Anyway, on the way down from the peak3 I happened to pass a gentleman on his way up. We had a brief exchange, which he initiated, as hikers do. It went something like:
Him, “Phew, almost there.”
Me, “Yep, you got it, not far now.”
Totally normal, throw-away pleasant exchange by two strangers enjoying a mutual, challenging activity. Probably we evolved to have these little social exchanges to signal friendliness and lack of aggressive intent. “I’m not invading your territory. It’s a muddy rainforest, you can have it!”
In this case, the gentleman in question happened to be black and I, of course, am Irish/Scottish/English white, though I do joke I’m the world’s tannest Irishman. To a sane person, this observation about our races is meaningless because “race” is dumb, we’re not defined by it, and race had nothing to do with our exchange.
It did remind me though of one of the sillier moments of the 2020+ race panic. For those who have forgotten, and God bless you if you have, some progressive activists (often white themselves) started to see white supremacy in literally everything. Including hiking.
Don’t take my word for it. News articles from the time say it pretty bluntly.
This 2021 article from CNN goes on at length about the “Whiteness” of national parks. A 2023 article by the Green Mountain Club talks about “decentering whiteness” in hiking.

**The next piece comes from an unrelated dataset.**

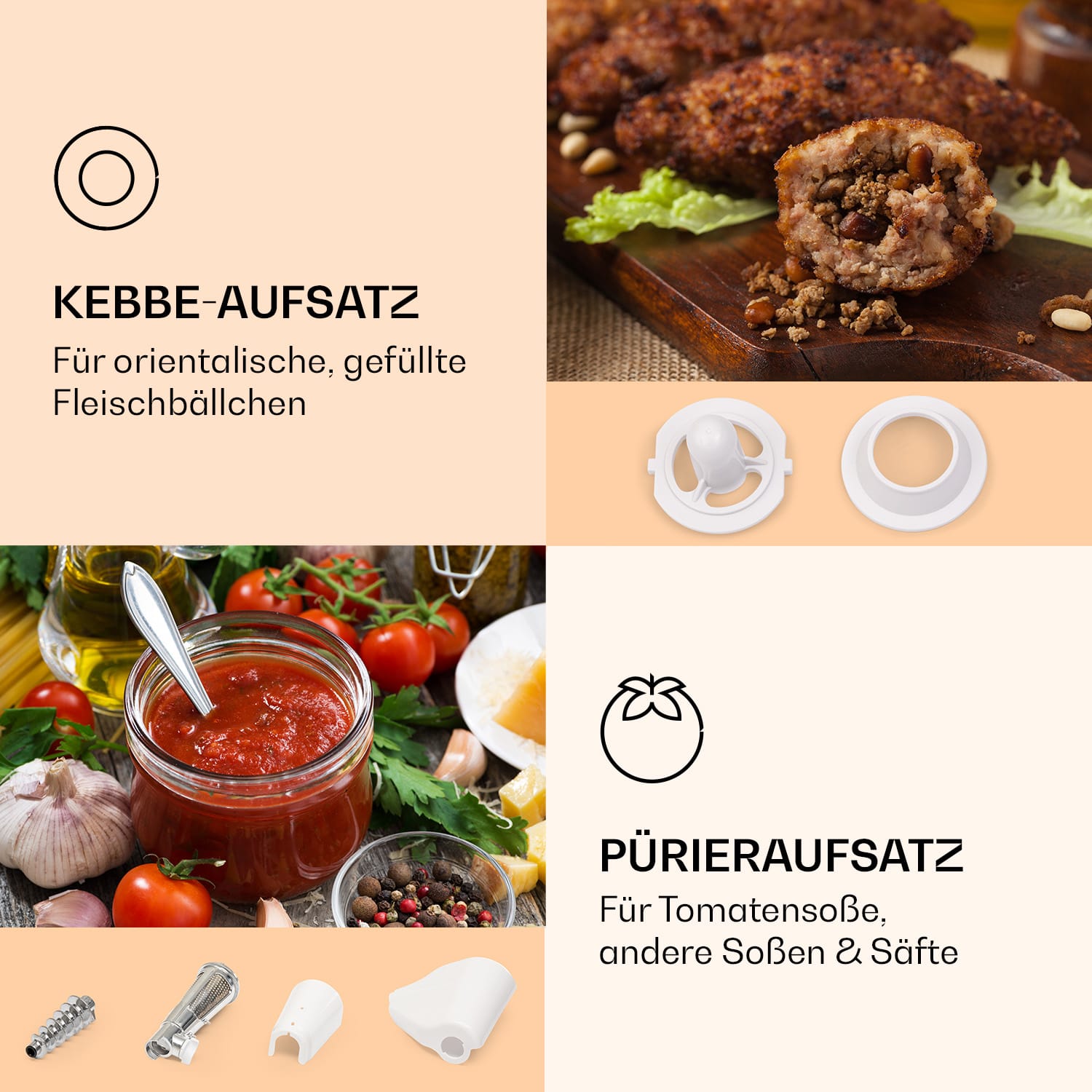 Mighty Mince elektrischer Fleischwolf 500 - 1361 Watt 3 Lochscheiben Weiß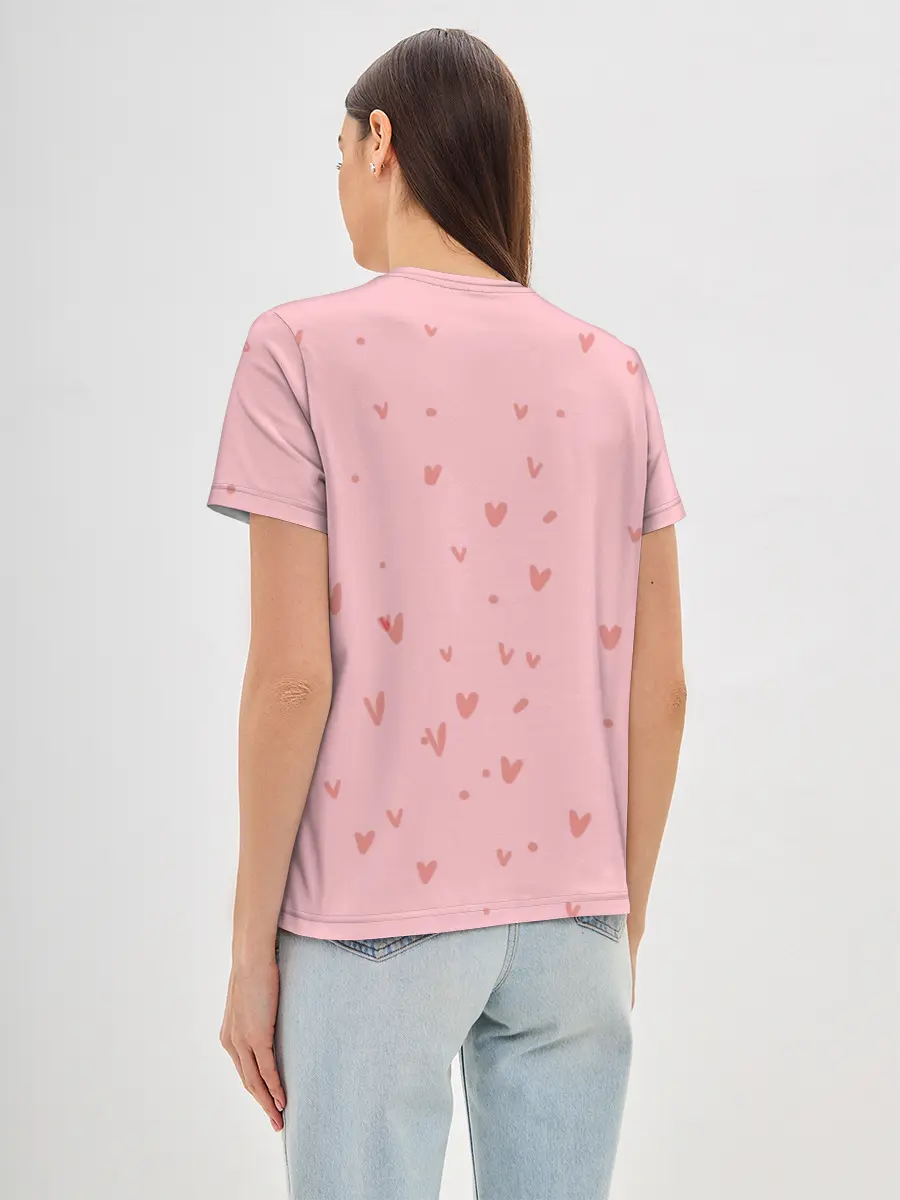 Женская базовая футболка / Catgirl pink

Pointing out that, you know…it’s outdoors and anybody could go there led to lectures about “privilege” because apparently all hikers lived pampered childhood lives with plenty of leisure time and money for gear4. And of course there were various videos, some humorous, but others legit complaining about “microaggressions” because white hikers were perceived as “too friendly” for having the exact sort of exchange that was initiated by my black colleague on the trail5.
Oddly enough, this wasn’t my first “reverse cliché” in Hawaii. On my last trip, an Asian woman stranger spontaneously asked me where I was from when we were both climbing Diamond Head. Naturally, I immediately reported her to the microaggression police.
These types of exchanges are absolutely normal and healthy. It’s human beings relating in superficial, sure, but friendly ways. Racism exists, sucks, and should be confronted when it occurs. But trying to turn ordinary, innocuous exchanges into insidious episodes about race was deeply unhealthy and neurotic.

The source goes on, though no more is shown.